• _Materials provided_:
::::
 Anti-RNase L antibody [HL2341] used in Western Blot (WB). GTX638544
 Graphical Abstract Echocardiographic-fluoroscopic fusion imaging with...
::::
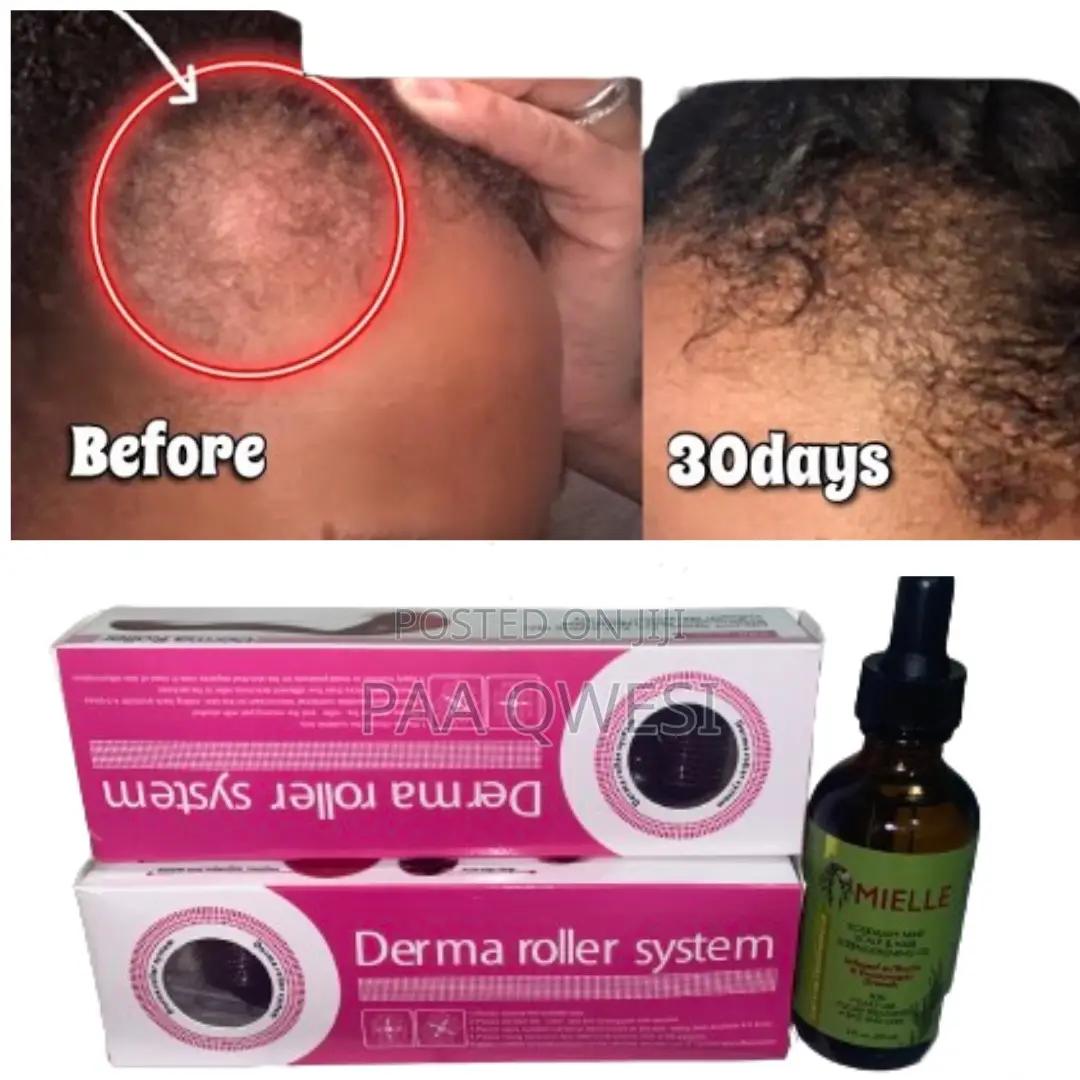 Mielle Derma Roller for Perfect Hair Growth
::::
• _What is being asked_: Restate word for word the lines in the material above from the one with "Anti-RNase L antibody" to the one with "Graphical Abstract Echocardiographic-fluoroscopic"; both of those lines count, and nothing else does.

• _Result for this task_:
 Anti-RNase L antibody [HL2341] used in Western Blot (WB). GTX638544
 Graphical Abstract Echocardiographic-fluoroscopic fusion imaging with...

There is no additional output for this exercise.